INPUT FOR THIS TASK —
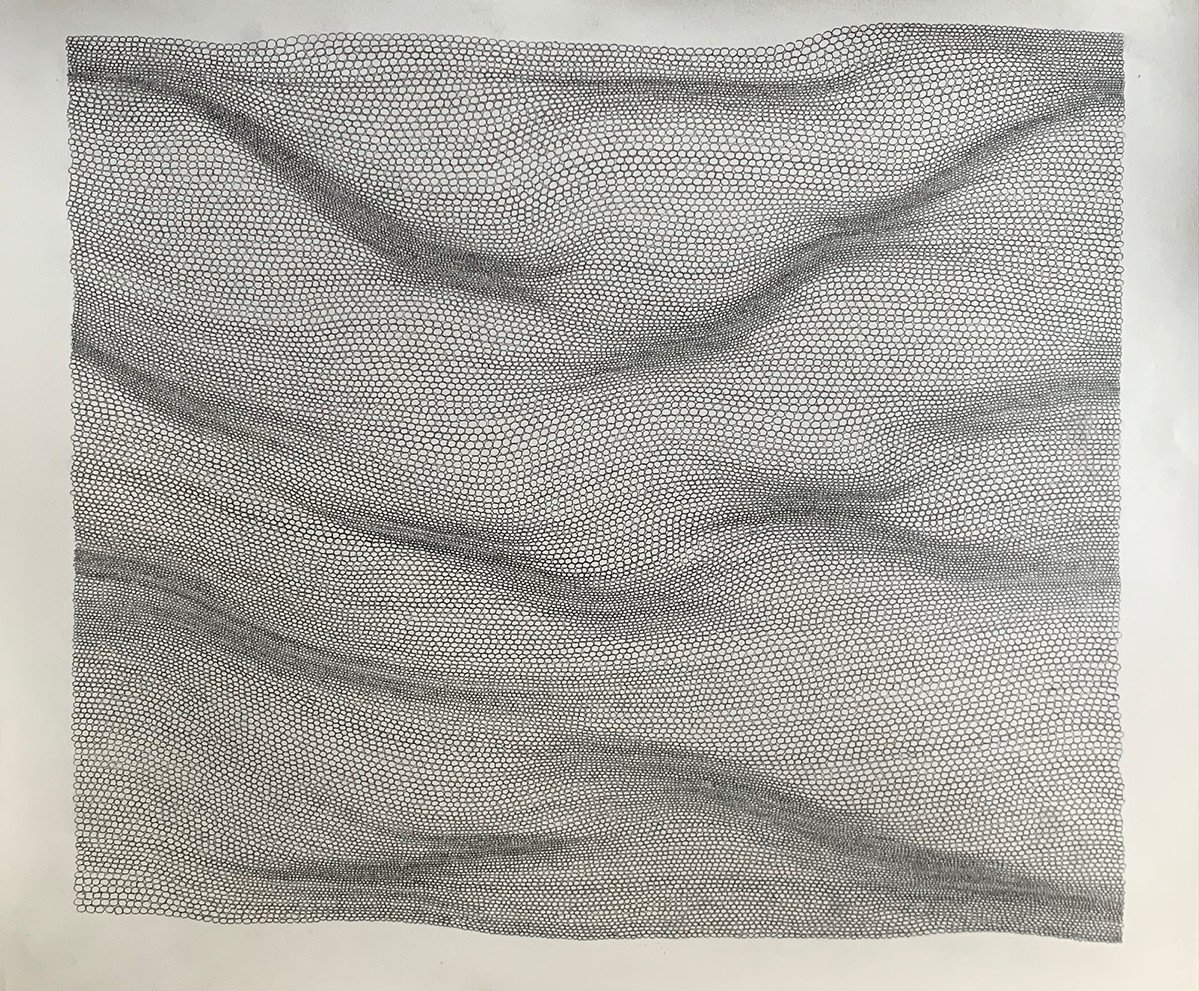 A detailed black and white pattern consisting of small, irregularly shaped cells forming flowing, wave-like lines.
...
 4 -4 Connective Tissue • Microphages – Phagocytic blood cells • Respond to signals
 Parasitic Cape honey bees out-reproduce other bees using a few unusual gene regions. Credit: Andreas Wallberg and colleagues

EXERCISE BRIEF —
Please give an exact copy of the lines above, beginning with the line containing "4 -4 Connective" and running through the line containing "Parasitic Cape honey", and of no other lines.

EXERCISE RESULT —
 4 -4 Connective Tissue • Microphages – Phagocytic blood cells • Respond to signals
 Parasitic Cape honey bees out-reproduce other bees using a few unusual gene regions. Credit: Andreas Wallberg and colleagues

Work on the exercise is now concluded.